Articulating an impact thesis

Introduction

What is it and how does it align with traditional venture building?

Many startups articulate a vision, mission and roadmap to achieving those. An impact thesis articulates what the social or environmental problem is that’s being targeted, what the solution might be and the potential outcomes of addressing the problem. It outlines a set of assumptions to be tested which if they hold true would create impact (e.g. Oyster’s impact thesis). Impact theses will likely be iterated several times over a startups journey (much like commercial assumptions).

How does it drive impact?

Having a clear articulation about how you think impact will occur makes it easier to identify which assumptions need to be tested. It also makes it easier to generate learning and iterate the model over time if impact outcomes are not being achieved.

How does it drive commercial value?

Being clear what impact the company is trying to achieve helps to align stakeholders with the company’s purpose. Key stakeholder groups with clear commercial value include top-tier talent that is seeking more meaningful work; investors that are looking for mission aligned business models to invest in; and regulators keen to ensure that future companies do not cause harm.

In practice

What does good look like?

A good thesis should answer the following questions (in line with the theory of change framework):

  1. Problem: What is the social or environmental problem you're trying to solve (problem statement)

  2. Activities/inputs: What will you do to contributing to solving it and why will this solve the challenge (ideally backed up with evidence)?

  3. Outputs: What will your activities achieve?
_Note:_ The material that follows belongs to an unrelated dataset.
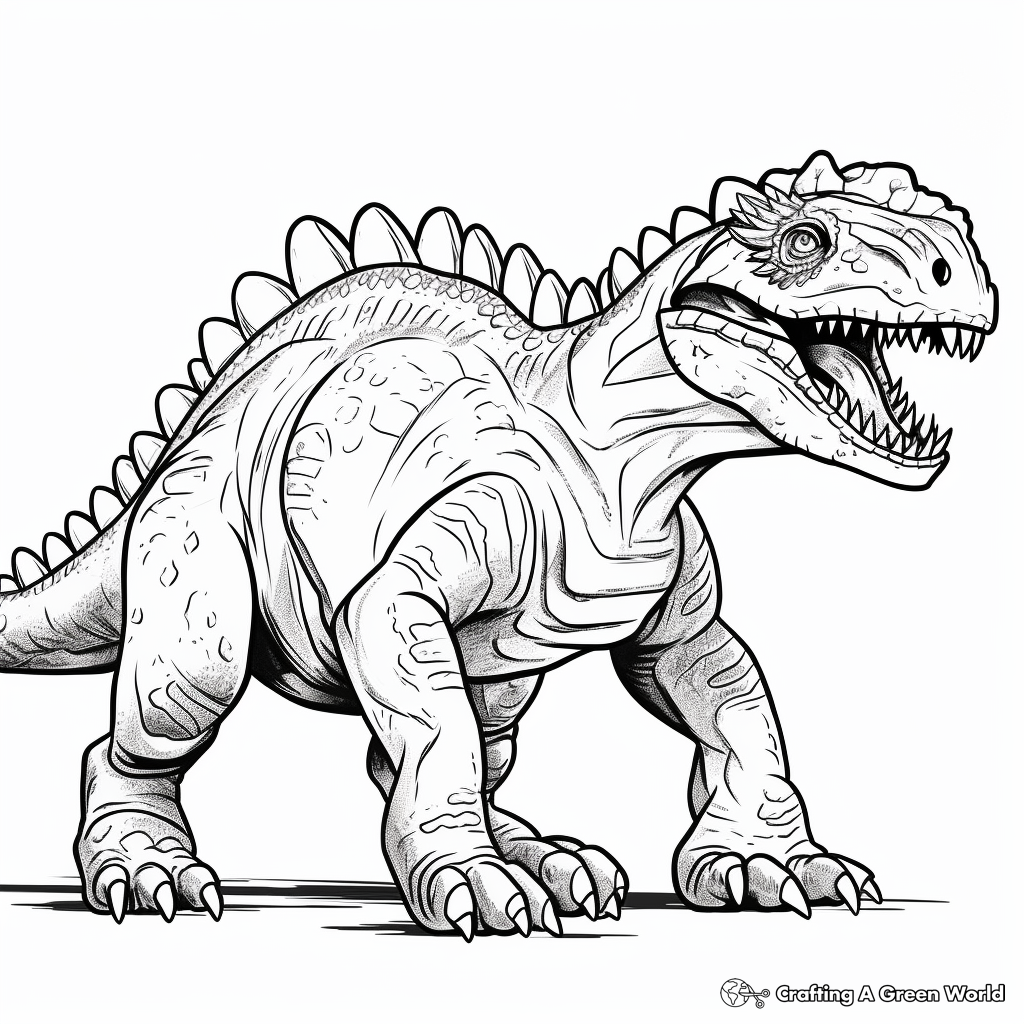 Carnotaurus and Prey Dinosaur Coloring Pages 1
  4. Outcomes/impact: What outcomes does that create in the world? (it's helpful to organise this using existing frameworks (UN SDGs, IMP's five dimensions of impact, etc.)

  5. Unintended consequences: What are the risks?

This will likely be a lot of information. It's helpful to try and keep this as clear and tight as possible (as you would a traditional pitch deck) and focus on what are the key assumptions you need to validate over the next 6-18 months to build conviction that the solution you're working on will create impact. The use of as much evidence as possible helps to differentiate an exceptional thesis from an average one.